[Source records]

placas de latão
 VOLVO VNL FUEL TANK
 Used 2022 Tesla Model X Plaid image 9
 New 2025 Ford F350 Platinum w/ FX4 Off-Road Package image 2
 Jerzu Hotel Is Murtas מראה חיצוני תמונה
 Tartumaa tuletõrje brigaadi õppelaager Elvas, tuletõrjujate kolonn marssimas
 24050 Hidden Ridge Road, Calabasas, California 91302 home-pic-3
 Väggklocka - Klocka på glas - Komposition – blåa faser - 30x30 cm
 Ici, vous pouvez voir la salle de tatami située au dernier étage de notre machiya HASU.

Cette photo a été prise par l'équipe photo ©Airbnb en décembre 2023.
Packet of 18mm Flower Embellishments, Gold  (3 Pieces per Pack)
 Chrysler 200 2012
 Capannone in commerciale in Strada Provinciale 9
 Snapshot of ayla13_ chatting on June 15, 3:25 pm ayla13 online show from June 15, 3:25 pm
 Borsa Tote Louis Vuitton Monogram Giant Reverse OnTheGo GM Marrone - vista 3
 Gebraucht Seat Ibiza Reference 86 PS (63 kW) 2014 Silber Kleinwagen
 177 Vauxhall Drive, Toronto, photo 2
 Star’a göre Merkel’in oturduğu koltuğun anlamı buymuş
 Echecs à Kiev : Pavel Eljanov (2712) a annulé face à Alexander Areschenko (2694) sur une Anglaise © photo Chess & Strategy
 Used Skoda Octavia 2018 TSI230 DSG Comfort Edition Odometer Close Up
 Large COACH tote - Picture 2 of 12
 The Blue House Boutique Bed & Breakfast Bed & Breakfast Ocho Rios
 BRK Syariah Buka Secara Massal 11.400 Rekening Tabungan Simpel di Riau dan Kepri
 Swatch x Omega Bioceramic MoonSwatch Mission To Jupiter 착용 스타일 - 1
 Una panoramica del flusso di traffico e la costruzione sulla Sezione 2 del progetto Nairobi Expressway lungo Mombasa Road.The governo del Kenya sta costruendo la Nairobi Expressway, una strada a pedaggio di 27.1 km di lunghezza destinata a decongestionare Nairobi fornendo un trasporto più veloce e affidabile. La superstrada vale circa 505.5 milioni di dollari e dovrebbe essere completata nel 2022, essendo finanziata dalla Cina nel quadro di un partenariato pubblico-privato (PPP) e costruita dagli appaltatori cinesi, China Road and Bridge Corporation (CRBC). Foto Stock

→ **Work order**: Word-for-word copies of all the records are required.

→ **The answer**:
placas de latão
 VOLVO VNL FUEL TANK
 Used 2022 Tesla Model X Plaid image 9
 New 2025 Ford F350 Platinum w/ FX4 Off-Road Package image 2
 Jerzu Hotel Is Murtas מראה חיצוני תמונה
 Tartumaa tuletõrje brigaadi õppelaager Elvas, tuletõrjujate kolonn marssimas
 24050 Hidden Ridge Road, Calabasas, California 91302 home-pic-3
 Väggklocka - Klocka på glas - Komposition – blåa faser - 30x30 cm
 Ici, vous pouvez voir la salle de tatami située au dernier étage de notre machiya HASU.

Cette photo a été prise par l'équipe photo ©Airbnb en décembre 2023.
Packet of 18mm Flower Embellishments, Gold  (3 Pieces per Pack)
 Chrysler 200 2012
 Capannone in commerciale in Strada Provinciale 9
 Snapshot of ayla13_ chatting on June 15, 3:25 pm ayla13 online show from June 15, 3:25 pm
 Borsa Tote Louis Vuitton Monogram Giant Reverse OnTheGo GM Marrone - vista 3
 Gebraucht Seat Ibiza Reference 86 PS (63 kW) 2014 Silber Kleinwagen
 177 Vauxhall Drive, Toronto, photo 2
 Star’a göre Merkel’in oturduğu koltuğun anlamı buymuş
 Echecs à Kiev : Pavel Eljanov (2712) a annulé face à Alexander Areschenko (2694) sur une Anglaise © photo Chess & Strategy
 Used Skoda Octavia 2018 TSI230 DSG Comfort Edition Odometer Close Up
 Large COACH tote - Picture 2 of 12
 The Blue House Boutique Bed & Breakfast Bed & Breakfast Ocho Rios
 BRK Syariah Buka Secara Massal 11.400 Rekening Tabungan Simpel di Riau dan Kepri
 Swatch x Omega Bioceramic MoonSwatch Mission To Jupiter 착용 스타일 - 1
 Una panoramica del flusso di traffico e la costruzione sulla Sezione 2 del progetto Nairobi Expressway lungo Mombasa Road.The governo del Kenya sta costruendo la Nairobi Expressway, una strada a pedaggio di 27.1 km di lunghezza destinata a decongestionare Nairobi fornendo un trasporto più veloce e affidabile. La superstrada vale circa 505.5 milioni di dollari e dovrebbe essere completata nel 2022, essendo finanziata dalla Cina nel quadro di un partenariato pubblico-privato (PPP) e costruita dagli appaltatori cinesi, China Road and Bridge Corporation (CRBC). Foto Stock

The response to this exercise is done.